## Work task
Pictures must not be copied, but every entry must be reproduced exactly.

The data Block Start

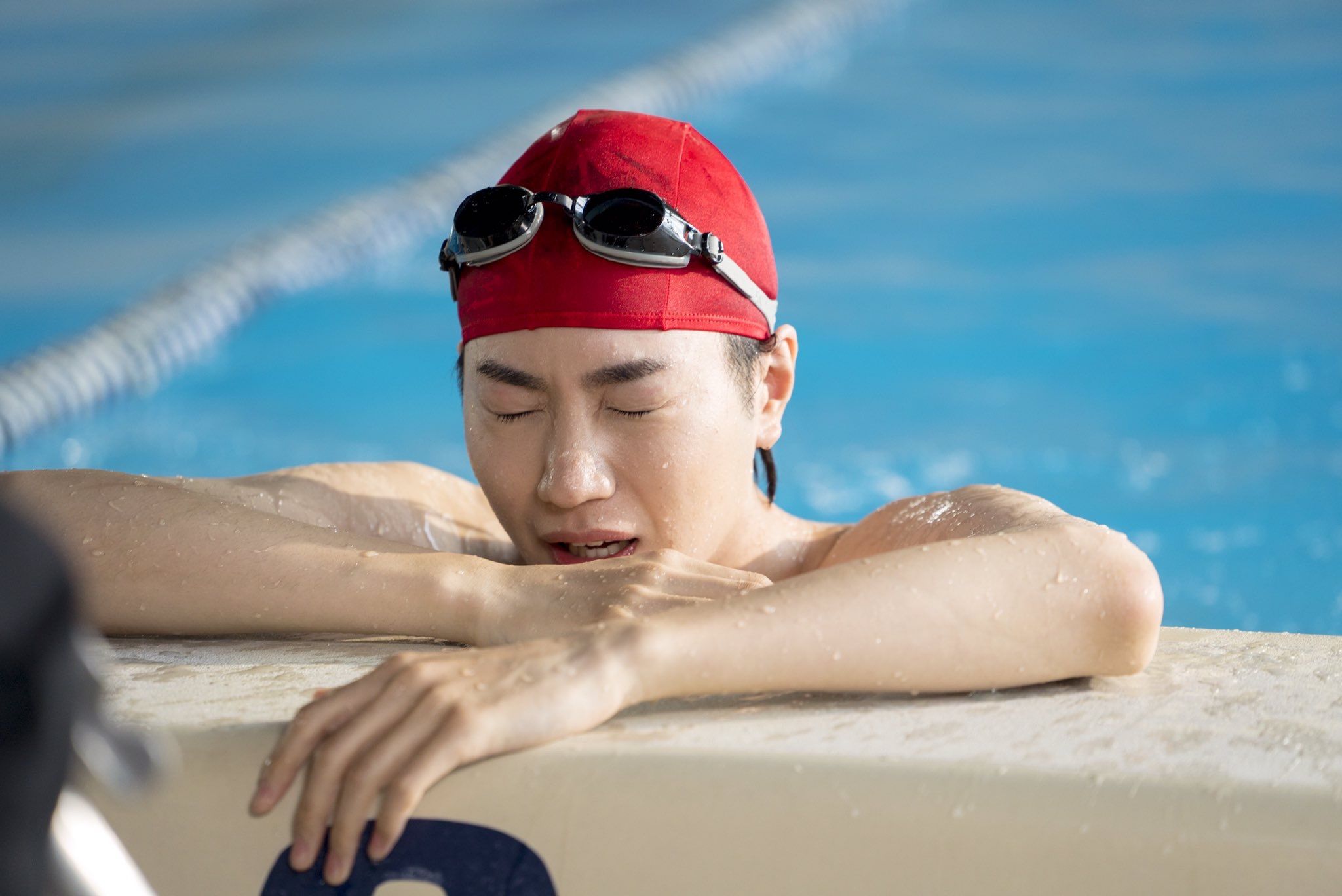 dori sakurada daily ⁹¹ on X: 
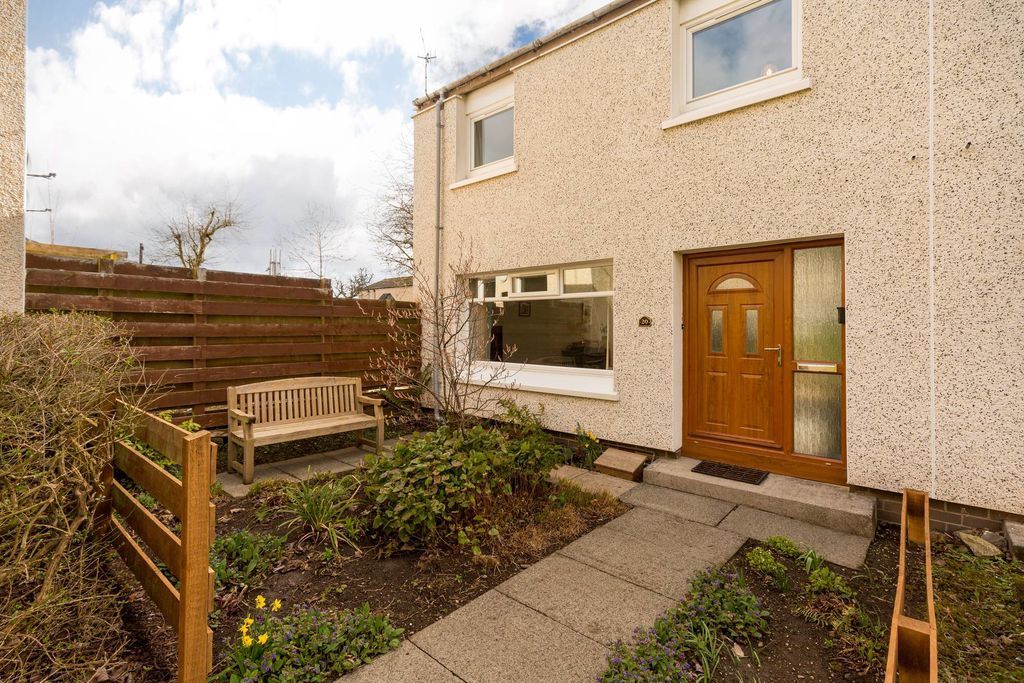 Property photo 2 of 16 Photo 24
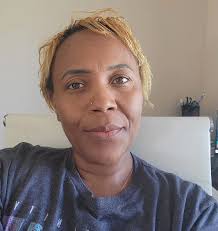 TESTIMONIAL — Janey bode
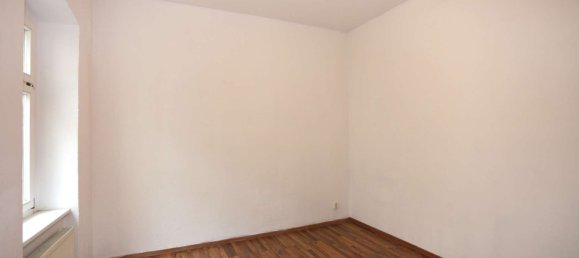 Escritório em Gorlitz, Germany 158 m² N.º 336638 18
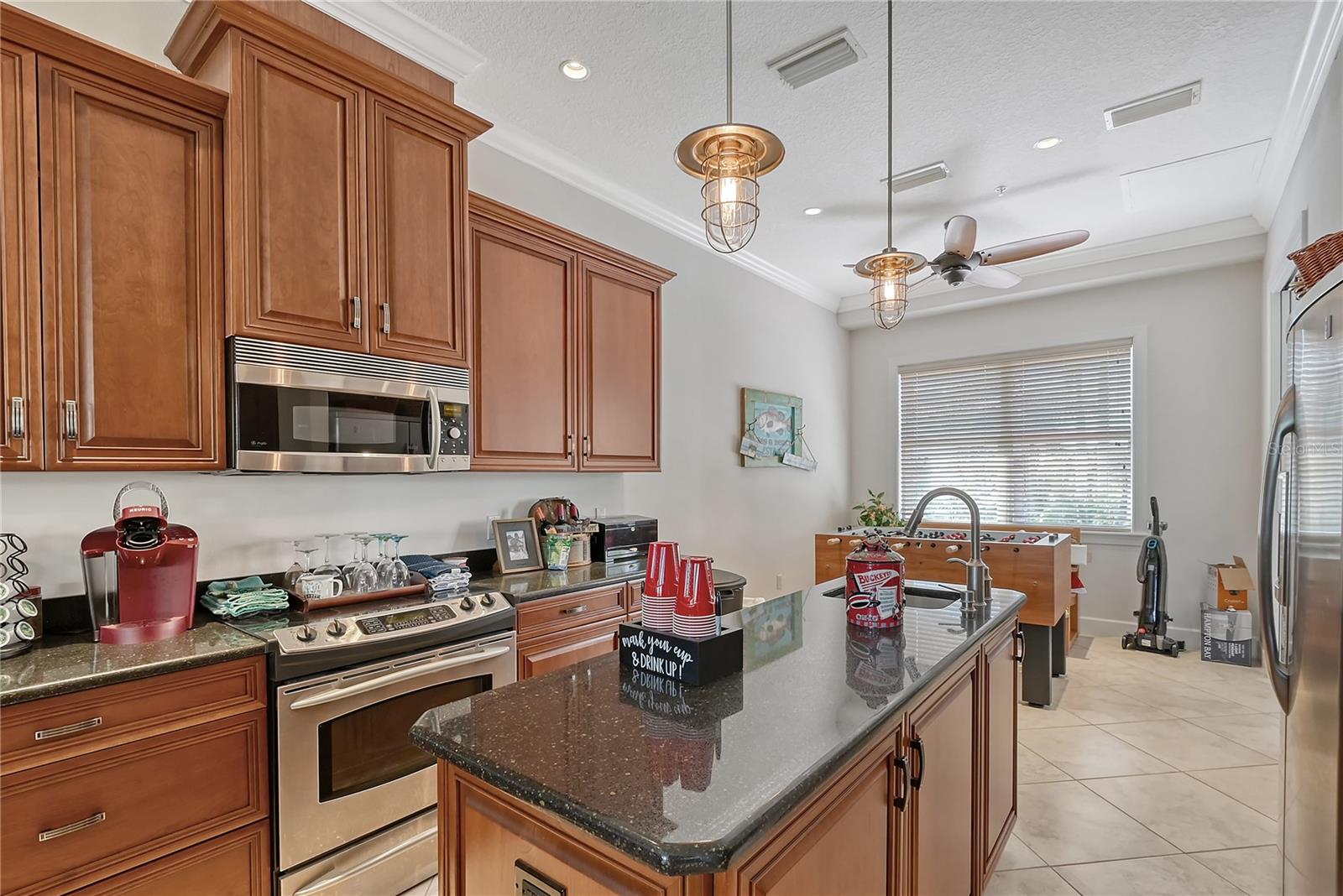 A4628207 Property Photo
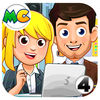 My City Office v1.0.289 中文版下载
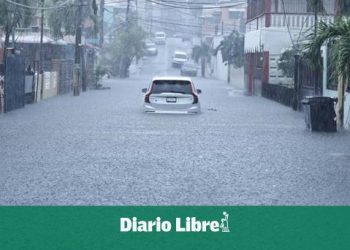 Diputados de DeMarcaciones en alerta Roja Llaman a la Prudencia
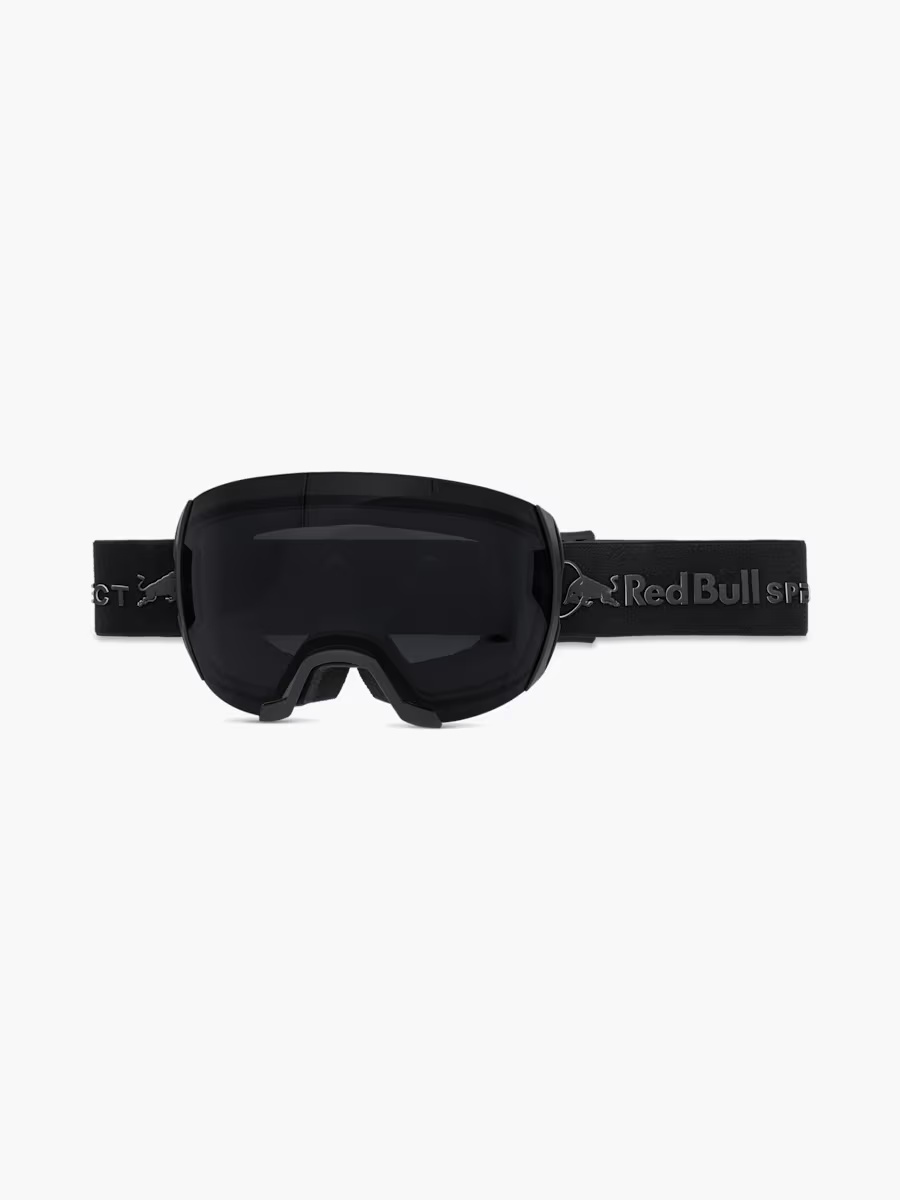 Red Bull SPECT SIGHT-008S Skibrille
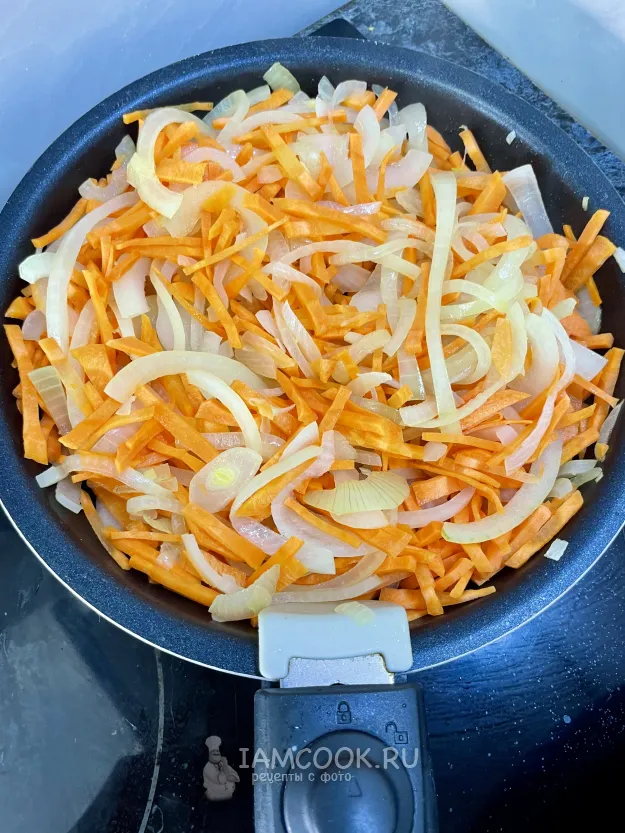 Шаг 6: иллюстрация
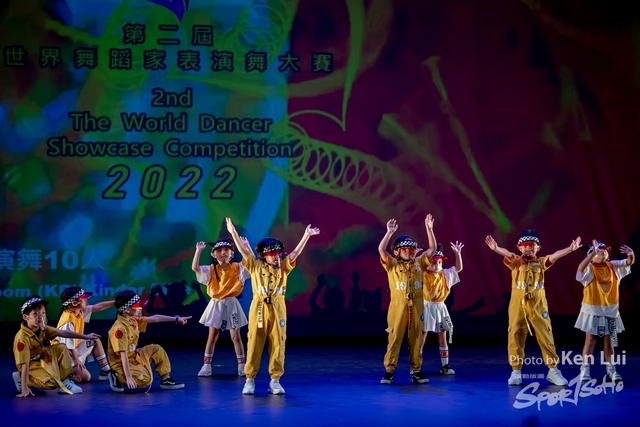 20220703 Showdance-1767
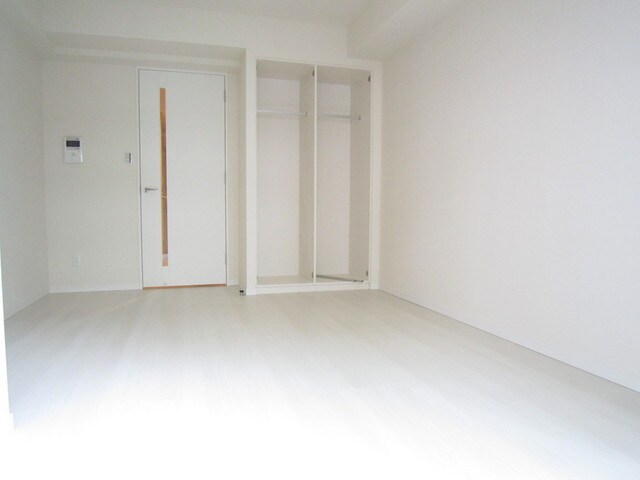 プレール・ドゥーク東陽町の物件内観写真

The data Block End

## Reply
 dori sakurada daily ⁹¹ on X: 
 Property photo 2 of 16 Photo 24
 TESTIMONIAL — Janey bode
 Escritório em Gorlitz, Germany 158 m² N.º 336638 18
 A4628207 Property Photo
 My City Office v1.0.289 中文版下载
 Diputados de DeMarcaciones en alerta Roja Llaman a la Prudencia
 Red Bull SPECT SIGHT-008S Skibrille
 Шаг 6: иллюстрация
 20220703 Showdance-1767
 プレール・ドゥーク東陽町の物件内観写真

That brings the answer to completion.